他贏了嗎?這筆和「星辰互娛」簽下的數字,足夠他在內環換套像樣的房子,再也不用在那股混合著汗味與霉味的弄堂裡算計電費。可當他走到黃河路口,看著那家粵式茶檔早已拉下鐵閘門,心裡卻空得像被掏空了內臟的瓷瓶。那些被他精心計算、轉移、變現的粉絲,不過是一串串跳動的代碼,現在成了他口袋裡沉甸甸的籌碼,卻換不回哪怕一句真心的交情。

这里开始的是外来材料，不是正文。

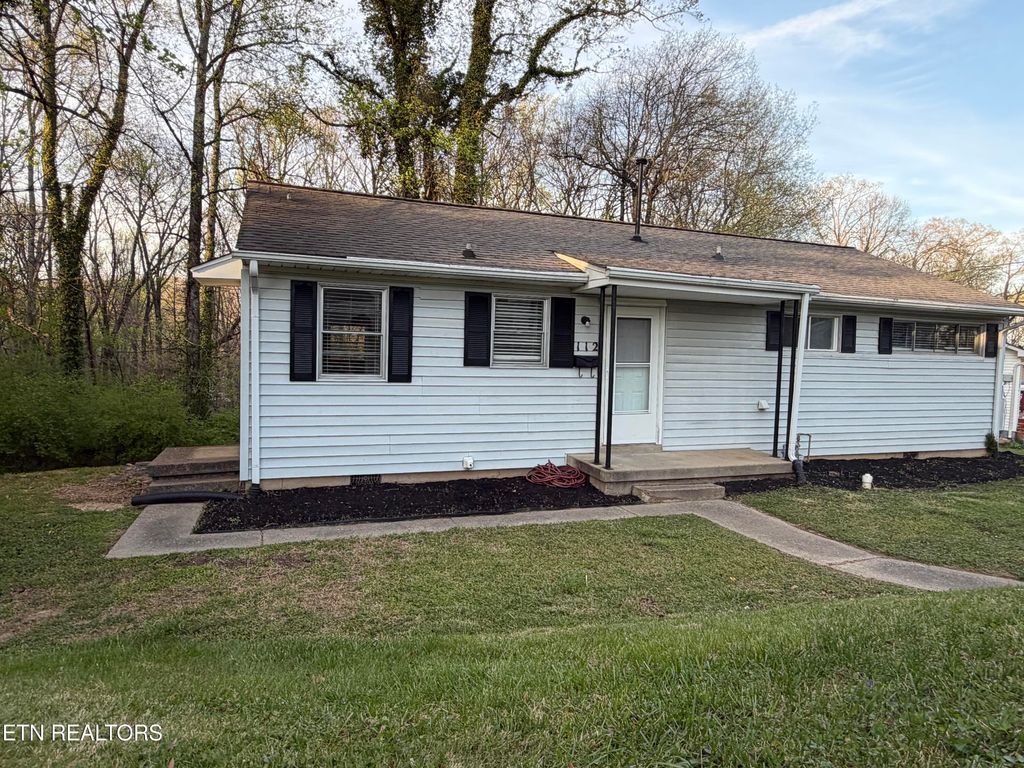 Photo of 112 Andover Circle, Oak Ridge, TN 37830 (MLS # 1334803)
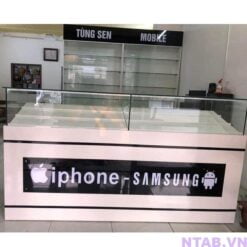 Tủ trưng bày điện thoại phối màu đen trắng 1m8 TDT004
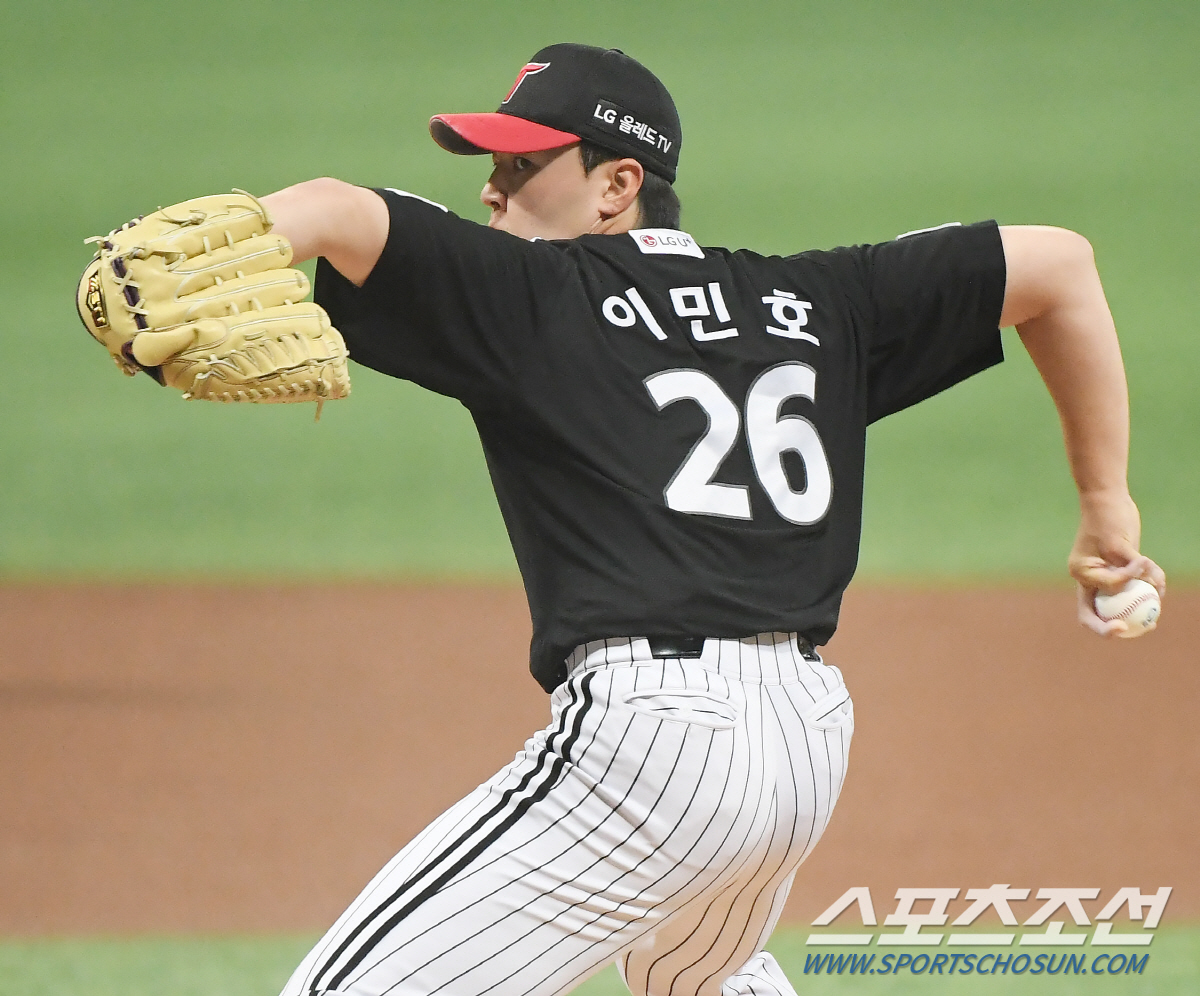 ERA 1.19 찬규만 열외. 개막 3선발도 안심못한다. 1위 굳히기 위…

他站在街角,點了一根煙。火光映著他那件早已褶皺不堪的亞麻襯衫,煙霧繚繞中,他彷彿看見了當年那個跟在周言屁股後面、滿眼算計的小赤佬。那時候雖然窮,但心裡那股勁兒是活的,不像現在,連算計都透著一股子腐朽的酸氣。他把那份合同揉成一團,隨手丟進了路邊的垃圾桶,卻又在下一秒鬼使神差地伸手把它撿了回來,拍了拍上面的灰,仔細揣進了懷裡。
這就是二零二六年的深夜,沒有什麼江湖情義能敵得過房價與通脹,也沒有什麼背叛能比賬戶餘額更有說服力。夏磊看著自己映在玻璃窗上的倒影,那張臉精明、冷漠,卻寫滿了疲憊。他轉身鑽進了寒風裡,腳步聲在空蕩的街道上迴響,顯得孤單而滑稽。
這世道,真是應了那句老話:人窮志短,馬瘦毛長,到頭來不過是為了那三兩碎銀,把自己活成了笑話。